Mereka semua berdebat dengan keras, namun tidak melihat tubuh Ling Han bergetar sekali pun, dan perlahan ia duduk tegak.
Mereka semua memiliki latar belakang yang sangat penting, sehingga meskipun mereka terlibat dalam pertempuran sengit memperebutkan Alat Spiritual, tidak satu pun dari mereka berani melakukan gerakan membunuh. Dan justru karena itulah Ling Han berhasil mendapatkan kesempatan untuk merebut makanan dari mulut harimau. Namun demikian, karena begitu banyak serangan serentak dari para elit ini, cukup banyak tulangnya yang patah, dan juga terjadi kerusakan parah pada organ dalamnya, sehingga ia mengalami luka yang sangat berat.
Biasanya, kondisinya saat ini hanya bisa digendong untuk mengobati lukanya, dan tidak mungkin baginya untuk meninggalkan tempat tidurnya setidaknya selama sepuluh hari lebih.
Namun, ada setetes Cairan Sejati yang Tak Terhancurkan di dalam tubuhnya!

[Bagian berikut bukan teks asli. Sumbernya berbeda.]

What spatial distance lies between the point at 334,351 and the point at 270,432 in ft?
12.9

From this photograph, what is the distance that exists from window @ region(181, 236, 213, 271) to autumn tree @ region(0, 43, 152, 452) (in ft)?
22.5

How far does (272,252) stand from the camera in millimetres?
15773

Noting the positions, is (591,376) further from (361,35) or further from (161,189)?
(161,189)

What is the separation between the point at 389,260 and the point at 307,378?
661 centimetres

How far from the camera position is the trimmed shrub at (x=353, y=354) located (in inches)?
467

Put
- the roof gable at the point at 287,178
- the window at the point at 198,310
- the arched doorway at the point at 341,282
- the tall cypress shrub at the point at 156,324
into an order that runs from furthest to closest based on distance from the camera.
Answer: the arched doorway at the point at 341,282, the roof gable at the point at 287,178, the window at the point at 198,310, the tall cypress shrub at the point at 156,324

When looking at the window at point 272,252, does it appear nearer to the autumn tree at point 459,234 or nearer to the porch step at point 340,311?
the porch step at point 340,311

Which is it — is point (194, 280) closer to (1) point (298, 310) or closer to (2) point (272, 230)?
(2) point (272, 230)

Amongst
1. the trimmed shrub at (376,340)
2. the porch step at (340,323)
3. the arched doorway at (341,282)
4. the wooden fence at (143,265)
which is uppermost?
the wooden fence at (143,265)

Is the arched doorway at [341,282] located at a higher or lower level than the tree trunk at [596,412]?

Keberhasilannya dalam mengolah Tubuh Pohon Mati memungkinkannya untuk membekukan setetes Cairan Sejati yang Tak Terhancurkan, dan tujuan utama Cairan Sejati yang Tak Terhancurkan itu adalah untuk menyembuhkan luka. Tidak peduli seberapa parah lukanya, selama masih ada napas yang tersisa di dalam dirinya, ia dapat disembuhkan.
Inilah kengerian sesungguhnya dari Gulungan Surga yang Tak Terhancurkan.